The sun is starting to set as we transition from farmland into forest, and cleared fields give way to foothills. The landscape becomes denser with trees, and the berm on the side of the road is littered with remnants of past snows. Looking out the window, I catch a glimpse of myself in the rearview mirror. My brown hair is longer than it’s been in a while, and the tips poke out from underneath my knitted cap. I’ve always looked young for my age, and my students at the university often mistake me for a fellow undergraduate. I try out a smile for myself in the mirror, and in my reflection I look happy.
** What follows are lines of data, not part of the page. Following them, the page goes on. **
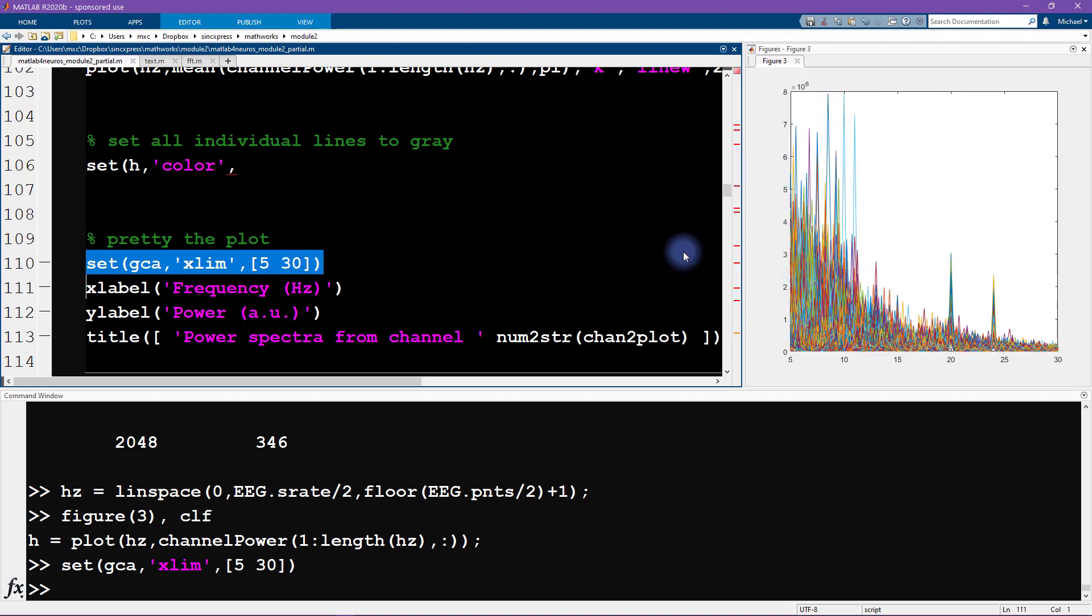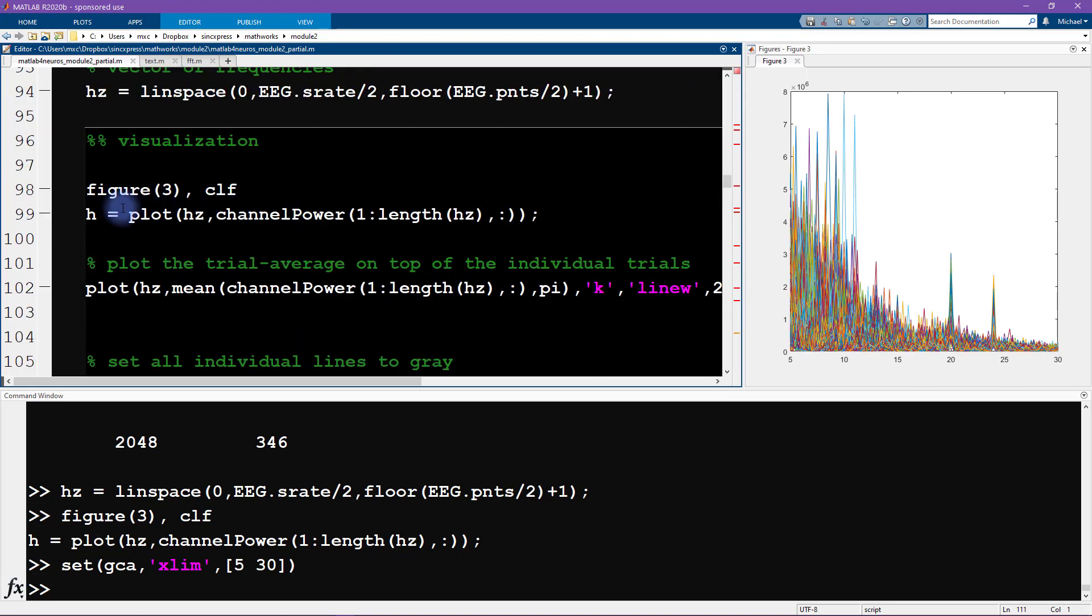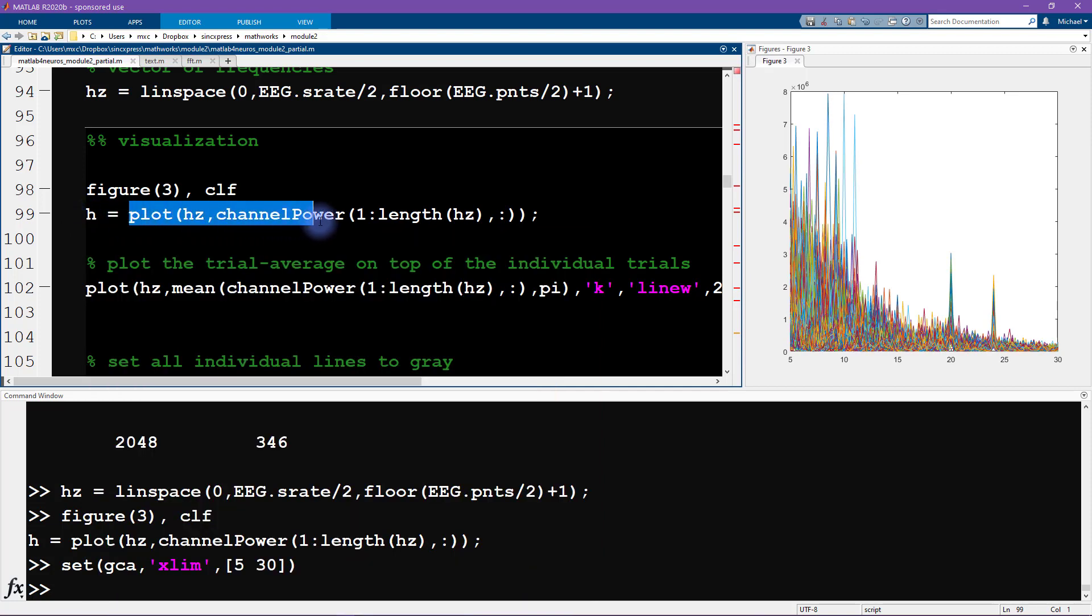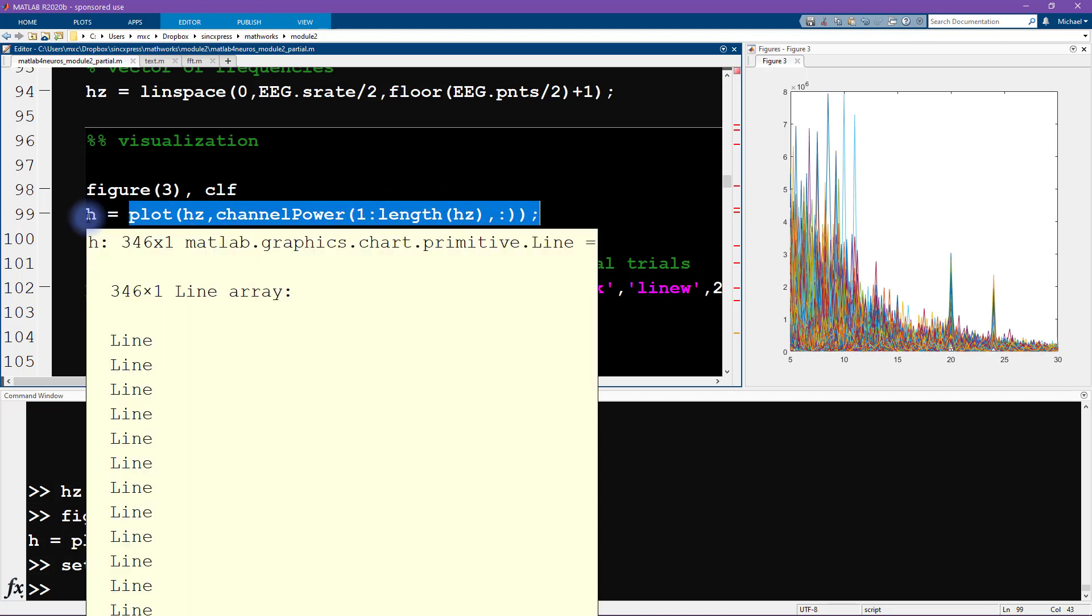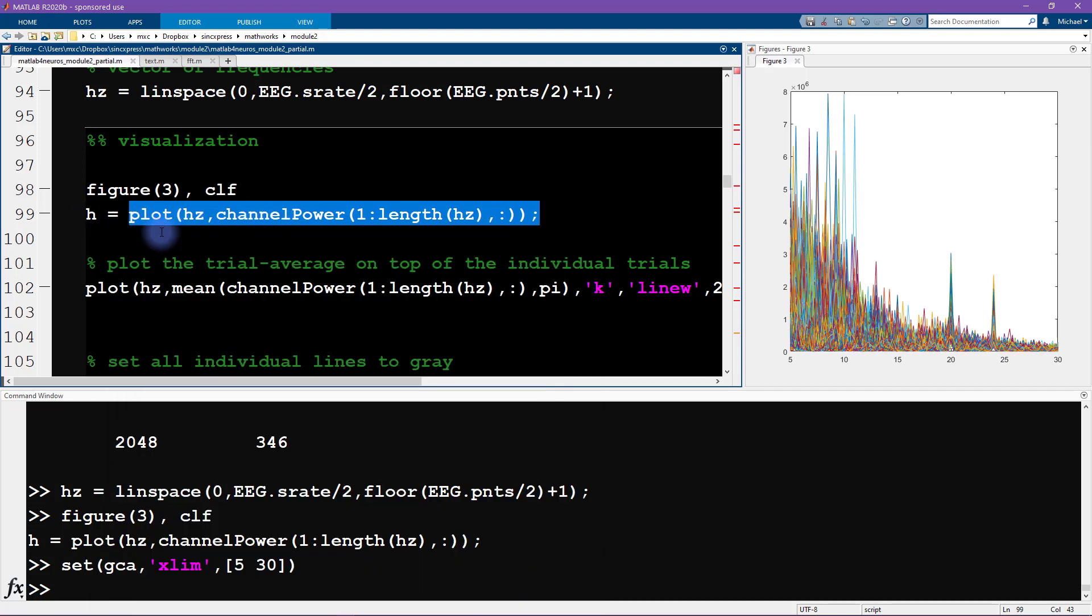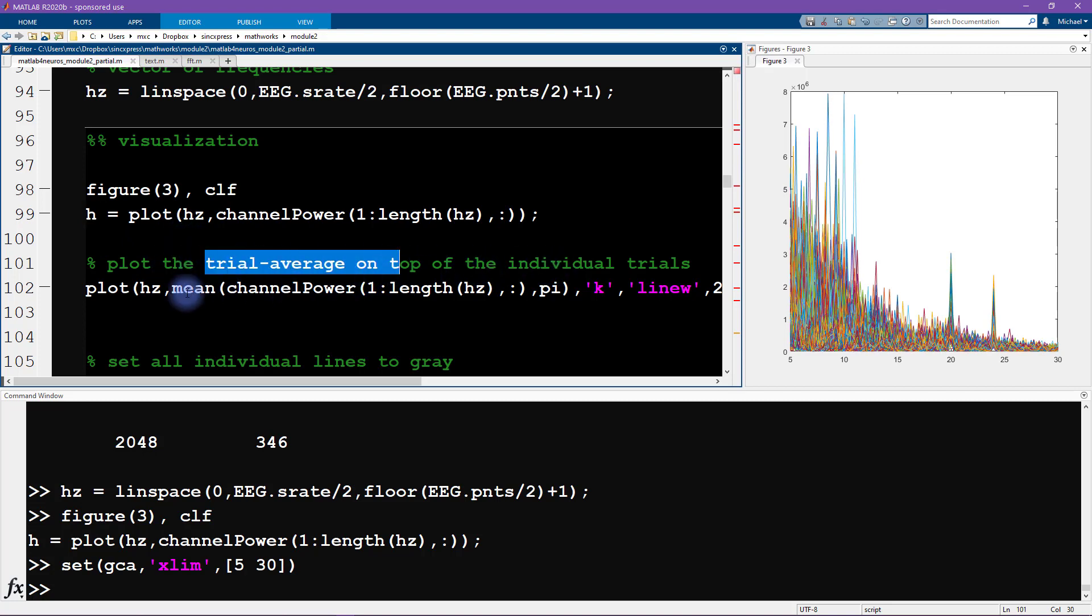Now these lines are not light gray, the way that I showed in the slides. We're going to need to adjust the colors. We're going to adjust those colors using this variable h. This h here is called a handle. It's a handle to each specific line that is being plotted here. You can see that there are 346 of these corresponding to 346 trials. In a moment, we are going to change the color of all of these lines at the same time using this plot handle variable.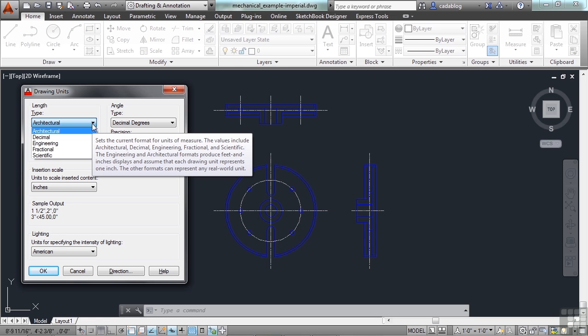Each one works a little bit differently. The architectural and engineering display notations, assuming that you are working in inches, and it will display your units in feet and inches. When you draw with either of these settings, an object of a unit length of 1 will be 1 inch long.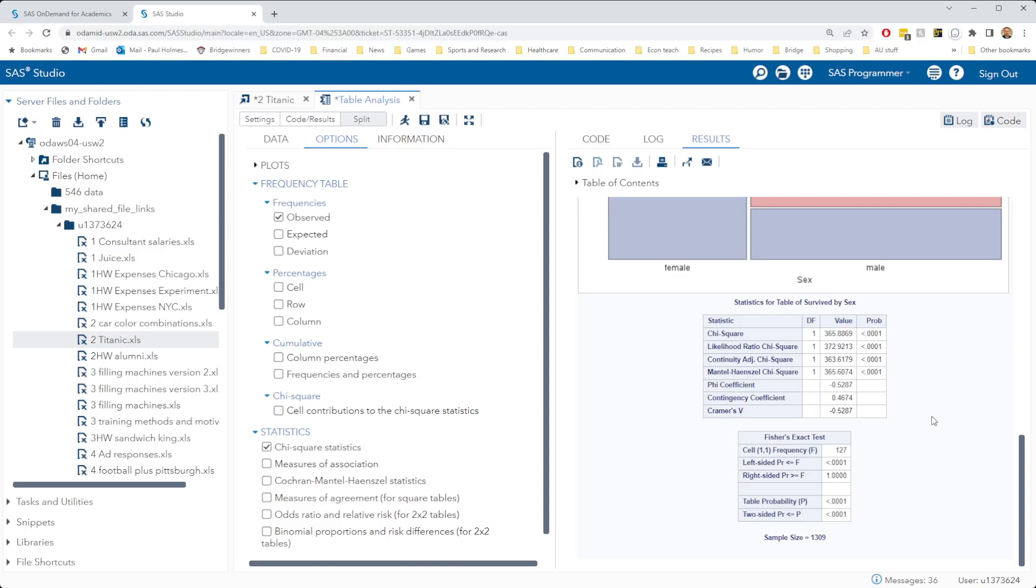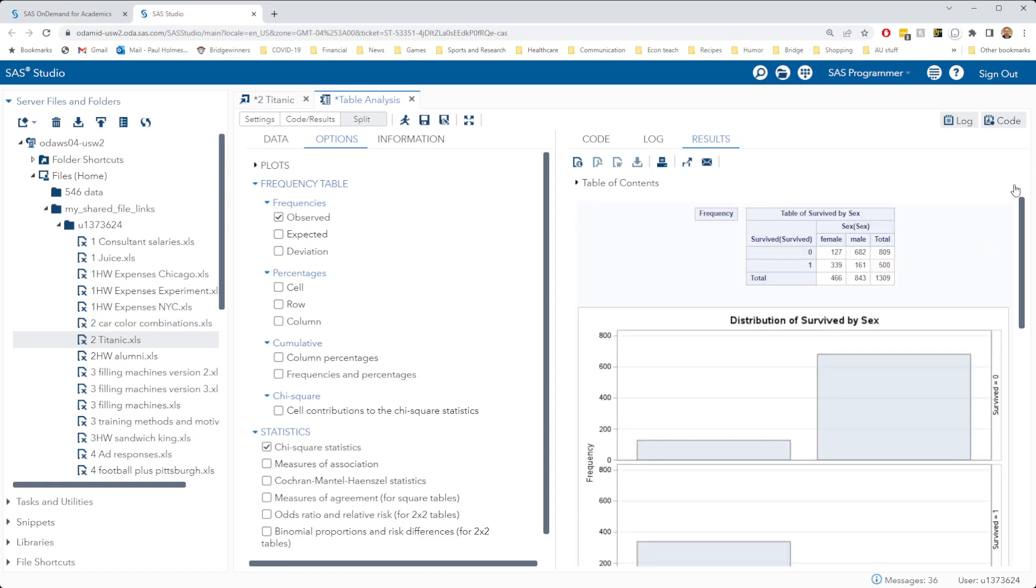Next we're going to look at the port of entry for passengers on the Titanic and see what the survival chances were for each of the groups of passengers, the groups of people that boarded at each of these three ports of entry.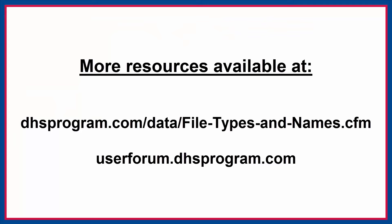You can find more resources for using the DHS program datasets on our website and the user forum.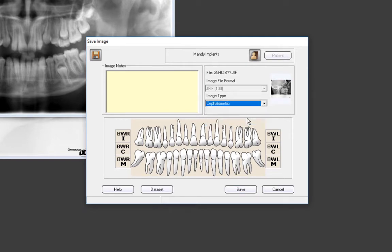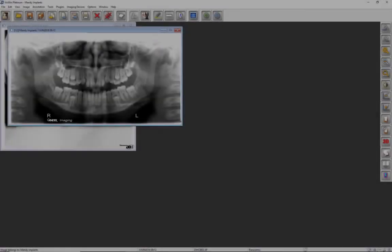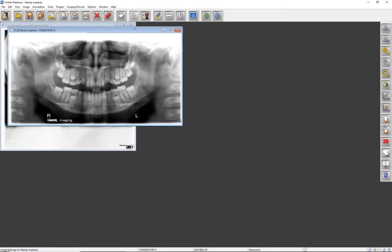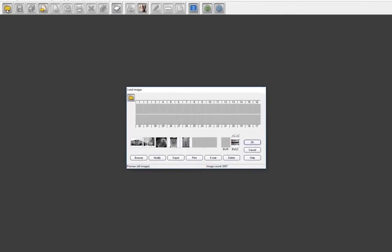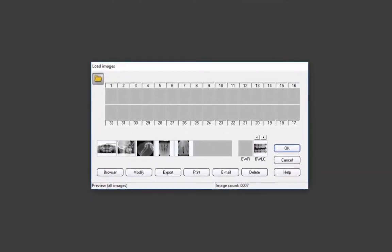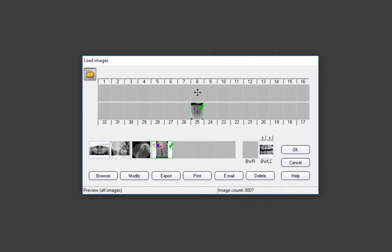The dialog window will disappear and we will be back in the user interface. Let's close the images and select Load Images again. There have been a couple of periapicals taken since we last viewed the Load Images window. Let's drag the x-ray to the mouth. There is also a CBCT scan taken. When a 3D scan is taken through VIXWIN, a thumbnail image will be saved.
I turn from the window towards Justin, and the smile strips away from my face.

Something is wrong.

His hands grip so hard at the wheel that his knuckles are white and bloodless. My first assumption is that his anxiety about driving has been triggered by something—the enclosing woods, the hill we seem to be descending—and I reach out to touch him again, but as I do he jerks the wheel violently to the left and my hand glances his skin and instead lands firmly on the steering wheel.

I grab the soft leather and hold on, trying to calm the rising panic in my gut.

“Why don’t you pull over? I can drive for a little while.”

He ignores me and gives another jerk to the wheel, this time to the right. I lose my grip, my hand falling with a dull thud onto the side of my seat. I hear our tires gnashing into the debris on the side of the road.

“Take a deep breath,” I say, my voice calmer than I feel by a million times over. Because I’m certain now, watching Justin twist the wheel as he pushes on the accelerator, that this isn’t just a panic attack. This is something more. Something else.